The earliest entries favor naked dirges and apolitical self-pity, privileging immediacy over polish. 1999's "The Vanishing Act" is a gray blur of rickety acoustic guitar and discordant piano on which Oberst wallows in the well of despair with the romantic relish of someone who's yet to reach its bottom. 2000's "Soon You Will Be Leaving Your Man" upgrades to a fluid, reverbed guitar pulse, but retains the breathy and almost tuneless vocals Oberst favored in that era, as well as his shorthand for authenticity-- palpably twanging strings, accidental harmonics, and ambient crowd chatter. 2000's "Mirrors and Fevers", which is two full minutes of crowd noise followed by one minute of a capella singing, isn't much of a song, but it works as an album opener-- Oberst's trapped-under-ice imagery and musings on inevitability handily establish the album's mise en scène.
But as early as 2001's excellent "I Will Be Grateful for This Day", we can detect a shift in Oberst's songwriting. With its melting vocal line, staticky mechanical drums, and humming synths, the song predicts Digital Ash in a Digital Urn, yet doesn't bog down in pretensions as that album sometimes does. Not musically, anyway-- Oberst's lyrics always tread the thin line between sublimely maudlin and banally maudlin; "Grateful" subjects us to the latter with a protracted metaphor about trying to play someone's heartbeat on the drums. 2001 doesn't appear to have been a great creative year for Oberst-- "Bad Blood", co-written with the Album Leaf's Jimmy LaValle, is so thin and inessential. The quavering vocals and barely intimated chord shapes of "I've Been Eating (For You)" are promising enough until one listens to the lyrics, which plumb unintentionally comical depths of self-obsession and strained metaphor, with a ridiculous girl-as-basketball metaphor. "Happy Birthday to Me (Feb. 15)" is much better, with its woozy slides and twinkling piano, not to mention the emphatic swearing, spontaneous shouting, and nauseous vibrato Oberst was already starting to phase out for the more mannered urgencies of Lifted and beyond.

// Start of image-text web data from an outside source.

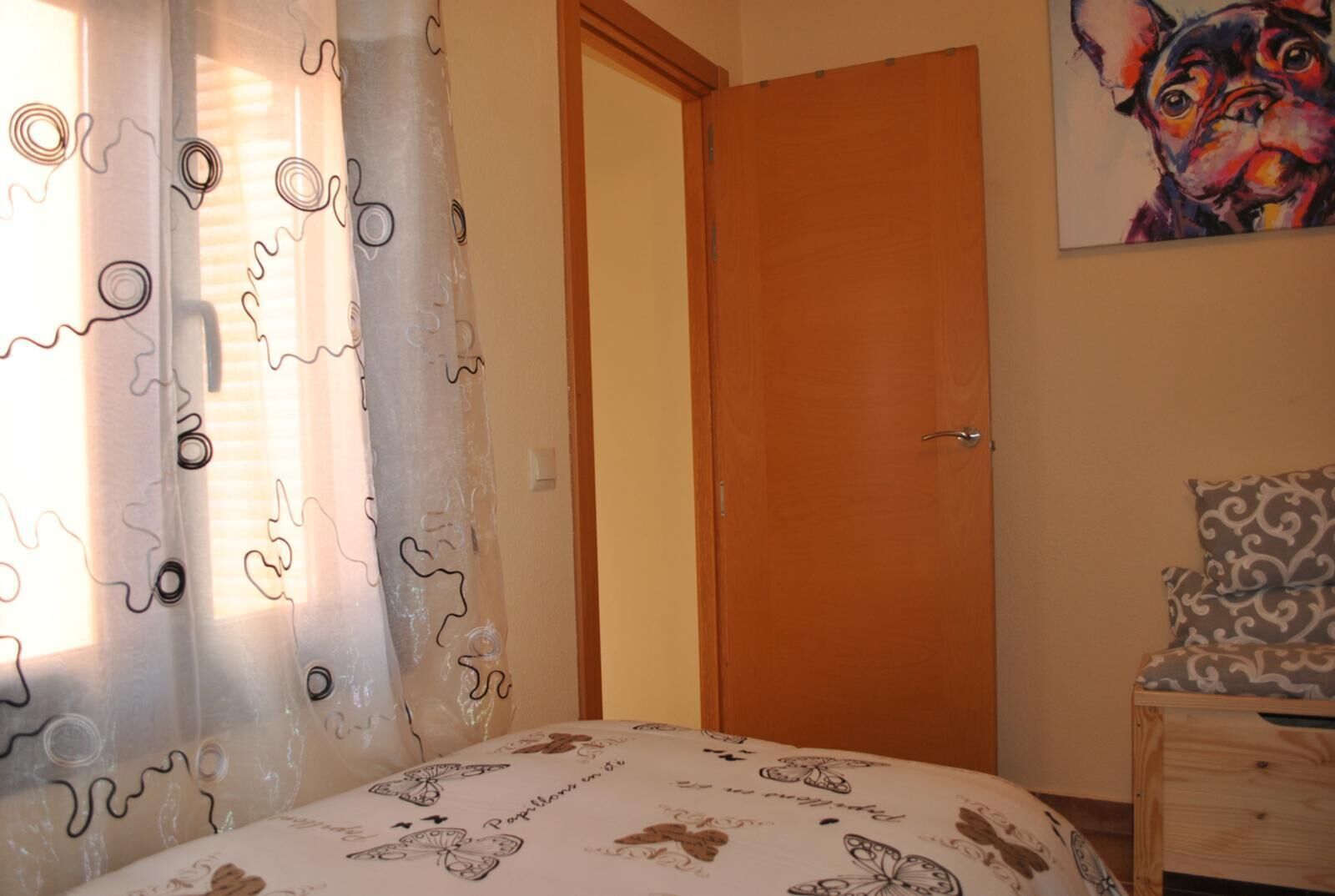 Un dormitorio con una cama, una puerta de madera, una mesita de noche y un cuadro en la pared.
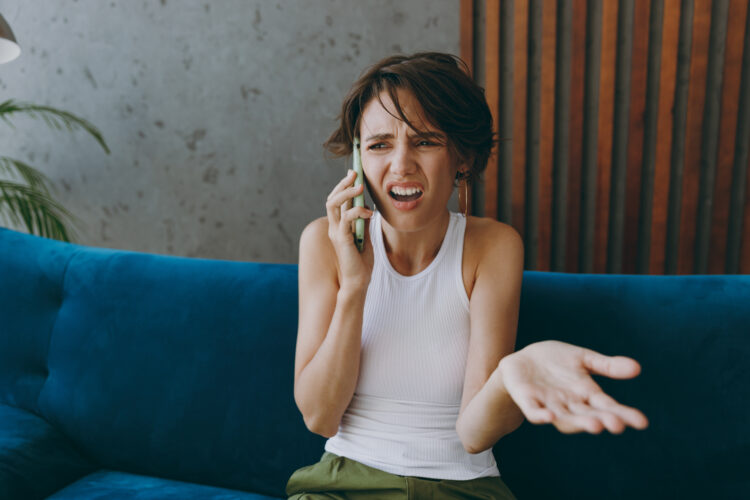 Indignant young woman in white tank shirt spread hands,  while talking on cellphone at home.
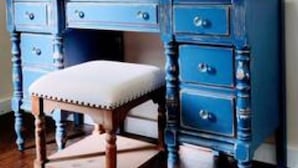 A blue vanity with a mirror, drawers, and a stool.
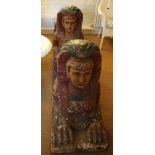 A pair of 19th century carved wooden painted sphinx, each on plinth bases, 42" x 31"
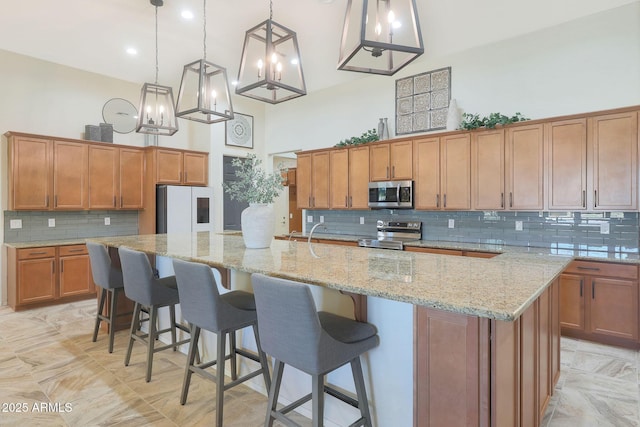 kitchen with stainless steel appliances, a towering ceiling, hanging light fixtures, and a spacious island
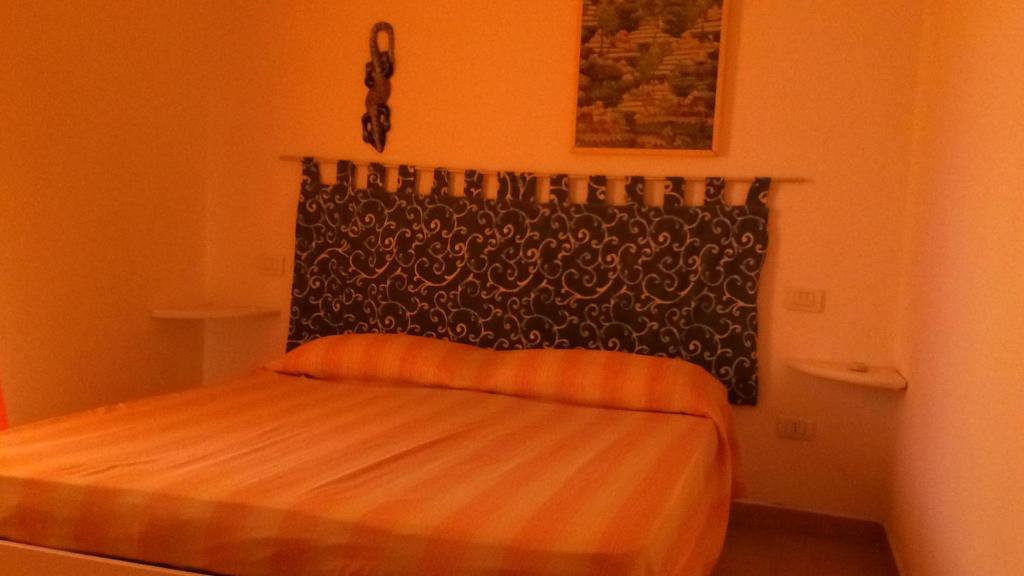 Katil atau katil-katil dalam bilik di AirPortMaterGialloALLIncludedFREEShuttleFROMairportTillNightPoolAirCondWifiParking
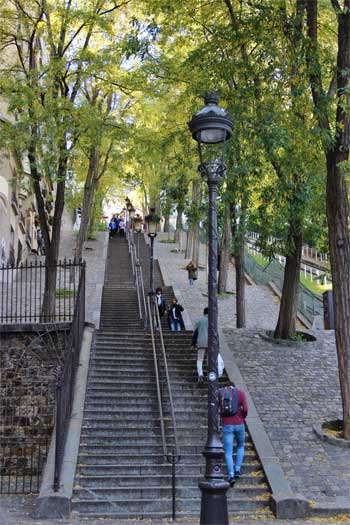 Marches raides menant à Montmartre, bordées d'arbres et de lampadaires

It's exactly these kinds of emotionally febrile outbursts that Bright Eyes detractors hate, and they continue to flare up even amid more recent, polemical songs, like 2003's jangly "Trees Get Wheeled Away" and the ragged sing-along "Drunk Kid Catholic". Yet the same affectations that repel some are what makes this music speak to so many. To embrace Bright Eyes, it helps to have friends with whom playing music is just the emulsion of your mutual love, or to intuit and long for this experience, which always sounds trite, with an uncool hippie-ish quality, until you're the one joyously banging out a chord on an acoustic guitar. Maybe this self-indulgent spontaneity doesn't translate to tape if you aren't predisposed to appreciate it. Fair enough. But it's precisely what makes Bright Eyes fans overlook his excesses and missteps, this sense of being a part of a special moment governed more by intuition than intellect. And for better or worse (better if you think this stuff about love and special moments sounds silly, worse if you don't), it's what is diminishing as Oberst's music accumulates polish and orchestral weight.